◆ What the task requires:
Check every line of the entries for "ceiling", and copy the lines that hold it.

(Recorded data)
____

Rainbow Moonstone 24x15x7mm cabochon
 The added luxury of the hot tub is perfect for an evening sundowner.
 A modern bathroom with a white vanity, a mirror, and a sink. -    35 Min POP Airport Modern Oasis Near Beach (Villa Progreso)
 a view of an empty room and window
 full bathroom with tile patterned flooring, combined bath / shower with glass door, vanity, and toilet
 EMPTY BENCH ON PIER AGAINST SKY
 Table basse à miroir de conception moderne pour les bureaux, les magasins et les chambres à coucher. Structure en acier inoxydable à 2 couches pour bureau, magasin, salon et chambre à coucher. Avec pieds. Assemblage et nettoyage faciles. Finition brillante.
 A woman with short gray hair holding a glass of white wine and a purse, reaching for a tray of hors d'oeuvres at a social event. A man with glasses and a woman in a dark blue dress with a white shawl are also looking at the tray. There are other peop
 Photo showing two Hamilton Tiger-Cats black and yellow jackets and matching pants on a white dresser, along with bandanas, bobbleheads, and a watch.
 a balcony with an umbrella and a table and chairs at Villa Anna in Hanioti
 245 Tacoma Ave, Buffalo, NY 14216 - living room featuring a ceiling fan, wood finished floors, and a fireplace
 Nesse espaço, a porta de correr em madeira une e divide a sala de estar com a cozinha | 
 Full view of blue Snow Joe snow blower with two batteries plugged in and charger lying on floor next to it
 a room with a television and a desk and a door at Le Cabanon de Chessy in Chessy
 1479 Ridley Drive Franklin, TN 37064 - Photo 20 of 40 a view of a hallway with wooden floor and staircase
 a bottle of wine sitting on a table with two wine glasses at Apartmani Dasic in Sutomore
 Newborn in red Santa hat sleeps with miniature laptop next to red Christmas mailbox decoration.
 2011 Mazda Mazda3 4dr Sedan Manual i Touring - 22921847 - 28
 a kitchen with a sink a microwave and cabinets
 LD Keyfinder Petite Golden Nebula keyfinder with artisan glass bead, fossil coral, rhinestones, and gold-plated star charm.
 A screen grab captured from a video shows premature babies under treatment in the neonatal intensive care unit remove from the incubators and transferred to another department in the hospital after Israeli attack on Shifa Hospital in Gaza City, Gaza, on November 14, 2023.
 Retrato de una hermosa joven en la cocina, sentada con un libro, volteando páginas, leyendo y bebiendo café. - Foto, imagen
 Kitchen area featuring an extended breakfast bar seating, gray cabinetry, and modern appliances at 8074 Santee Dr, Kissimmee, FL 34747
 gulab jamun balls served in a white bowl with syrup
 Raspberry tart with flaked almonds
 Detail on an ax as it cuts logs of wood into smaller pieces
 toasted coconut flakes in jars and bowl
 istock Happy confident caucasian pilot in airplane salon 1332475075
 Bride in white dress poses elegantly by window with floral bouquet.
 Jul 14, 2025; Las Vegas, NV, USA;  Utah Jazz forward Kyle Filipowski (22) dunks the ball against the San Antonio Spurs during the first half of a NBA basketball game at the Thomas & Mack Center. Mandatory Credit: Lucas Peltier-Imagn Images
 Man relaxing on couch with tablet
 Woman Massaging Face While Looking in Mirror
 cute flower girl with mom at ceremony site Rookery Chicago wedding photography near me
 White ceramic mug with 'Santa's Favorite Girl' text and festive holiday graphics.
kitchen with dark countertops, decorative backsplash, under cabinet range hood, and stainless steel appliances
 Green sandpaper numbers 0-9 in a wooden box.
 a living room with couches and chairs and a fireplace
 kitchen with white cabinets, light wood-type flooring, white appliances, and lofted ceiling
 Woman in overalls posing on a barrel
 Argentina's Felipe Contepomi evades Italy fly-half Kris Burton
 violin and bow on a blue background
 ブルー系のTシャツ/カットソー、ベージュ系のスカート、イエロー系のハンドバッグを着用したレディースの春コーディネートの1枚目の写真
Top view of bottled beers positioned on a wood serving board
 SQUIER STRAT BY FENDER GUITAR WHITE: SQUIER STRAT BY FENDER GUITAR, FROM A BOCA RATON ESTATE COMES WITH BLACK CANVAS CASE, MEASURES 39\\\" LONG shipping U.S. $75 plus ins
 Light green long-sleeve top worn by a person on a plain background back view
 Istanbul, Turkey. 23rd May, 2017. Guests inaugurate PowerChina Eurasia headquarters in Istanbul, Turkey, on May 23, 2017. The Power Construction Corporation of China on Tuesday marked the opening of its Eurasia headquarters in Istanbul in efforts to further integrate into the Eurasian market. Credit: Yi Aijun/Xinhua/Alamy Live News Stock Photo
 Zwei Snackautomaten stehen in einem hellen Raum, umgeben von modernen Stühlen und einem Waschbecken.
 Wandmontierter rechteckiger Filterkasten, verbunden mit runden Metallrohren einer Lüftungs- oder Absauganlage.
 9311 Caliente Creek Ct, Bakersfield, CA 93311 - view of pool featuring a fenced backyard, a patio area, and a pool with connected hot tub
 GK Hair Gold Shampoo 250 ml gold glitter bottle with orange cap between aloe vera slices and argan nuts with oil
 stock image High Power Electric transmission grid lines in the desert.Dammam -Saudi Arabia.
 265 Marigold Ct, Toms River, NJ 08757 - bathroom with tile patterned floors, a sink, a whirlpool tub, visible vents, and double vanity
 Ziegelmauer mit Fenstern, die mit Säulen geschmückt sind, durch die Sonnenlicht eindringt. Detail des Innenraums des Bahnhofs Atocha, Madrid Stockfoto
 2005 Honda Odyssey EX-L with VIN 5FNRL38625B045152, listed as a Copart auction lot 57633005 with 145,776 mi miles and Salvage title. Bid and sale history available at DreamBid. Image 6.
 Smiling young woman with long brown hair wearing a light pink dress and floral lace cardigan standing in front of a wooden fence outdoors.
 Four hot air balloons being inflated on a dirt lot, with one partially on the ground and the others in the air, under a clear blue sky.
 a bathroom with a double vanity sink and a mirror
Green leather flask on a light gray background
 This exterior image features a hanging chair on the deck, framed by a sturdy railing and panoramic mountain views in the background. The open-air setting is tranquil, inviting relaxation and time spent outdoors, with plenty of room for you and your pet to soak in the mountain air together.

____

◆ Written answer:
 245 Tacoma Ave, Buffalo, NY 14216 - living room featuring a ceiling fan, wood finished floors, and a fireplace
 kitchen with white cabinets, light wood-type flooring, white appliances, and lofted ceiling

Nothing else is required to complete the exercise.